HONOLULU - FTA Administrator Peter Rogoff said Tuesday the City and County of Honolulu’s revised financial plan for rail transit must be more robust and not compromise public bus service."We need to see a financial plan that shows that they have not only the funding to meet their obligations above the federal commitment (but) they also need to demonstrate to us that they have sufficient resources to keep the existing bus service operating and well maintained,” said Rogoff, during a nationwide conference call with reporters.
In the most recent financial plan submitted to the FTA in September of 2009, the city uses of $300 million in federal bus subsidies to fund construction of the $5.5 billion elevated rail system.
Mayor Peter Carlisle promised operational funds for city buses would not be an issue when the city releases its new financial plan for rail transit in late spring or early summer.
“The bus is a critical and essential part of our infrastructure now and it cannot in any shape, fashion or form be compromised,” said Carlisle. “The further we move forward the more exact information we're going to have.”
The city's updated financial plan is required by the FTA before the project can enter the final design phase.
When the agency examined the plan two years ago it expressed concern about capital cost estimates, giving it a “low” rating.
“The financial plan show the City has little ability to address funding shortfalls or cost increases,” the FTA wrote in its fiscal year 2011 financial assessment summary of the project.
However Rogoff noted any financial plan is just a snapshot in time influenced by a variety of economic conditions. He said the FTA remains positive about Honolulu’s vision for rail transit and believes the city can get to the “finish line.”
“We're very optimistic about this project,” he said. “It's going to serve a very critical need for those folks that are living through hours of congestion on H1 every day.”
In its latest funding recommendations for New Starts projects in fiscal year 2012, the FTA continues to pledge $1.55 billion for construction of Honolulu’s rail line from East Kapolei to Ala Moana.

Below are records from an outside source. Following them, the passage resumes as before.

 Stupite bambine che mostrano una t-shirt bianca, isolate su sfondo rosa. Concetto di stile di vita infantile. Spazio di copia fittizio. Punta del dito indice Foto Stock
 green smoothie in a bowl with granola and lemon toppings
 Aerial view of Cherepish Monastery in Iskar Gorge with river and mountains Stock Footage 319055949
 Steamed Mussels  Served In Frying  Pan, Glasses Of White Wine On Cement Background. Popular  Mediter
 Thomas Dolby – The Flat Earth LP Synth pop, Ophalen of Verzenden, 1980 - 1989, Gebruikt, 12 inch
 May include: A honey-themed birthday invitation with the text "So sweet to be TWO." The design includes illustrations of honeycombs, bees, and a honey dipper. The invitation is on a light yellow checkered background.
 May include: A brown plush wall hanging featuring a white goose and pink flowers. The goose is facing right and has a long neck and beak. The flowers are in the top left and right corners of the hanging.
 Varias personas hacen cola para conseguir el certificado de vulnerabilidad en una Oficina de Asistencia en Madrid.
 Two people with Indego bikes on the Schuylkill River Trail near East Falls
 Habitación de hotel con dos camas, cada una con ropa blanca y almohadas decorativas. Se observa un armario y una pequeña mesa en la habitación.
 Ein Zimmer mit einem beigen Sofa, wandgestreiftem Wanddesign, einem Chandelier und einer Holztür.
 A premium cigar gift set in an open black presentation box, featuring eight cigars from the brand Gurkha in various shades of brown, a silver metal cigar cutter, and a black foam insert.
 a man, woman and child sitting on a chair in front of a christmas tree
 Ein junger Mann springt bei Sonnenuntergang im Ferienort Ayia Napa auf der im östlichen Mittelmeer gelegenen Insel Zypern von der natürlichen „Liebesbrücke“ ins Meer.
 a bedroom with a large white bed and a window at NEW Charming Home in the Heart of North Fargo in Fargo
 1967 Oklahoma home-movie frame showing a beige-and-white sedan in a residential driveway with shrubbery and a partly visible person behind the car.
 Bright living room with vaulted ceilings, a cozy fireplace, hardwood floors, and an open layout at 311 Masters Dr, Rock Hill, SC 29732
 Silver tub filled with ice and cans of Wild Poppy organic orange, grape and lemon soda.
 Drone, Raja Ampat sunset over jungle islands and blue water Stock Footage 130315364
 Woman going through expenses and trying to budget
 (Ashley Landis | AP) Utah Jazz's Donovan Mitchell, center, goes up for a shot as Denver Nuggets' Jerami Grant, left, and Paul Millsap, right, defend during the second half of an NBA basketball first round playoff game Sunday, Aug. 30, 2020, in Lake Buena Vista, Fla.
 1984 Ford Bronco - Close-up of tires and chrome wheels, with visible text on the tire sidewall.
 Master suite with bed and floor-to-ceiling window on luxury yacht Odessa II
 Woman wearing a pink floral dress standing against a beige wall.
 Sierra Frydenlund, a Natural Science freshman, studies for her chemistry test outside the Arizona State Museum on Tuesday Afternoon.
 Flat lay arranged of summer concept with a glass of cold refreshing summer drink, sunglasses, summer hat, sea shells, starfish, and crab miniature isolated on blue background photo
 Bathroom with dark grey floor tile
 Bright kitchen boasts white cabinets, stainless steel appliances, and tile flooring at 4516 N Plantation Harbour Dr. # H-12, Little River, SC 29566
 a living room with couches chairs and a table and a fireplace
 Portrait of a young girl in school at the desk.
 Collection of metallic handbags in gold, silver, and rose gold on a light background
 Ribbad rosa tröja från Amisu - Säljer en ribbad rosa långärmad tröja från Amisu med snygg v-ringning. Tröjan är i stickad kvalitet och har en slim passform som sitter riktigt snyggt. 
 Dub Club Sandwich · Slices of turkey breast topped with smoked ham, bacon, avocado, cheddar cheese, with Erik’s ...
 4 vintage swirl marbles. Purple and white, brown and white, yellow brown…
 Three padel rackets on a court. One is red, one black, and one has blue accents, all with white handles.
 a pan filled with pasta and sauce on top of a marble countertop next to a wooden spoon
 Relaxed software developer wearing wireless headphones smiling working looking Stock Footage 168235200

The amount represents 29 percent of the projected cost of the project.
President Barack Obama included $250 million for the heavy rail system in his fiscal year 2012 budget as a down payment.
“The New Starts project and the fact that we qualified under that shows that they're looking at this from a financial view and the futuristic view as to what it's going to accomplish for Hawaii,” said Carlisle.
“To my mind that's the most important thing to understand, (Rogoff) is looking already at the finish line.”
Still, Rogoff admits getting the amount of funding the FTA wants for projects like Honolulu’s rail system will require cooperation from the republican controlled U.S. House.
“Any of their cuts would set us backwards rather than forwards,” said the FTA administrator.
“While we want to work with the House of Representatives on spending reductions, on deficit and debt reduction, we are heading in a different direction when it comes to infrastructure investment.”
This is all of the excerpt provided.